Arts Club Theatre Company

Griffin and Sabine

by Nick Bantock

Director James Fagan Tait Dramaturge Rachel Ditor Composer/Music Direction Joelysa Pankanea Set Design Bryan Pollack Lighting Marsha Sibthorpe Costumes Barbara Clayden

Dates 5 October - 4 November, 2006 Venue Granville Island Stage Reviewer John Jane


Colin Legge & Lois Anderson
In a brief, pre-performance conversation with Nick Bantock, the author confessed to feeling “extremely nervous” about the world premiere of Griffin and Sabin -- as well he might. Based on a double trilogy (that’s six volumes for the mathematically challenged), it relates an intriguing exchange between Griffin Moss, an artist living a lonely and cautious existence in London, England, and Sabine Strohem, a postage stamp designer from the exotic Sicomon Islands. Their epistolary romance is chronicled only in the form of exchanged letters and postcards. In the wrong hands, this could easily end up a mess.

Unfortunately, in director, James Fagan Tait, it was in the wrong hands. It started well enough, with Griffin (Colin Legge) and Sabine (Lois Anderson) sharing Bryan Pollack well-designed, minimalist stage that was subtly divided in the centre to symbolize the central characters' physical separation. While the first act may have suffered from Legge’s hurried performance it was at least fathomable and the audience were given some latitude to consider whether Sabine was real or a figment of Griffin's imagination.

It was in the second act that this stage production went off the rails. As the story line switched to a parallel relationship between Matthew Sedon, an archaeologist working in Alexandria and Isabella de Reims, a Parisian student, Tait’s non-linear, out of kilter direction became ever more confusing. When the pair struggle to make sense of their feelings in an unfamiliar world, the audience struggled to make sense of the storytelling. Tim Matheson’s projections of scanned images of Bantock's gorgeous illustrations were eye-catching, but added little to explain a thin narrative.

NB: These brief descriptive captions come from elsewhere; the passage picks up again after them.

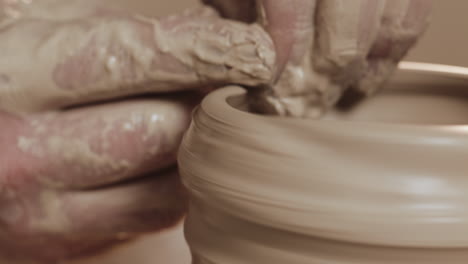close-up van een pottenbakker die klei vorm geeft op een pottenbakwiel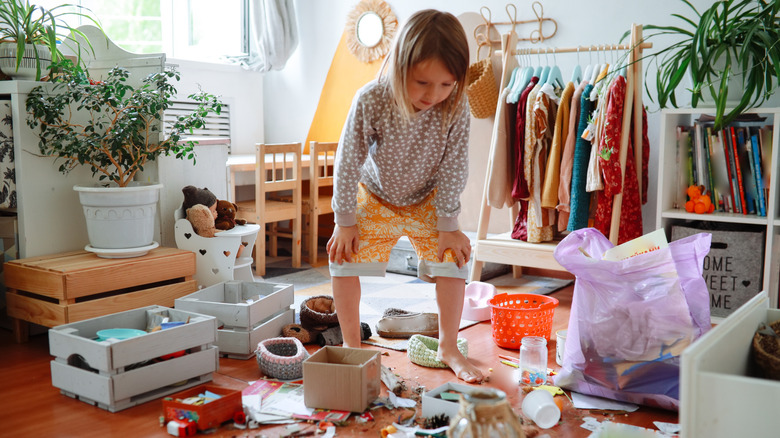 A child looking at a mess of toys.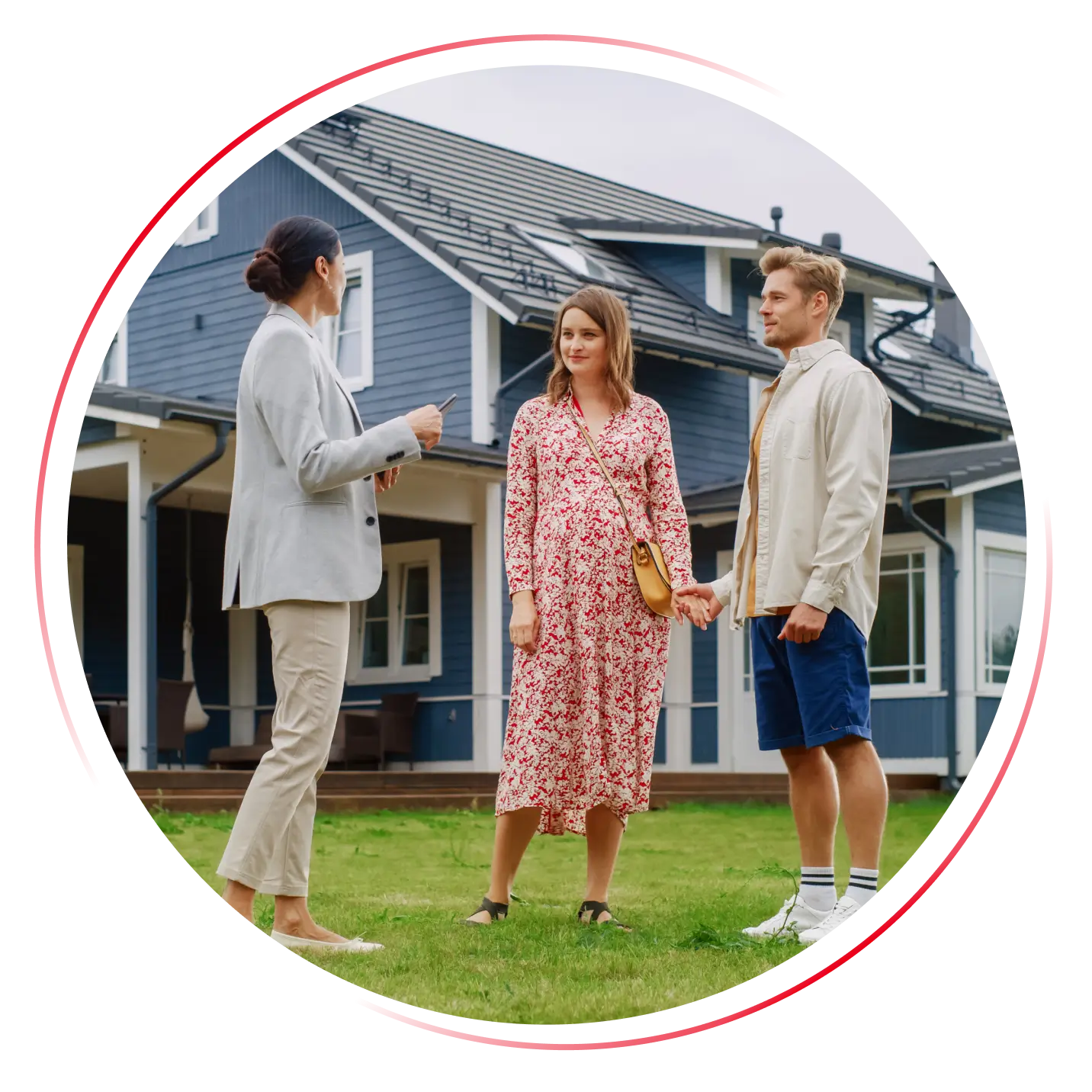 Real estate agent with happy couple.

It may have worked better if this production had been less ambitious and focused only on fleshing out the author's first trilogy, which, even on its own, is much more than another whimsical story about star-crossed lovers.

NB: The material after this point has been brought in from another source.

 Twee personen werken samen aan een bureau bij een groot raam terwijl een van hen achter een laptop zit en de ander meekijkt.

I really wanted Griffin and Sabine to be a success. I like Nick Bantock and admire his work as a writer and artist. I would like to think that the Arts Club Theatre presentation is a work in progress. After all, this unique work has already been adapted successfully in other media forms. British musician Peter Gabriel produced an excellent CD-ROM version for Real World Multimedia entitled Ceremony of Innocence that had no less than Isabella Rossellini providing the voice of Sabine.

Peter Gabriel got it right. James Fagan Tait and the Arts Club Theatre Company got it wrong.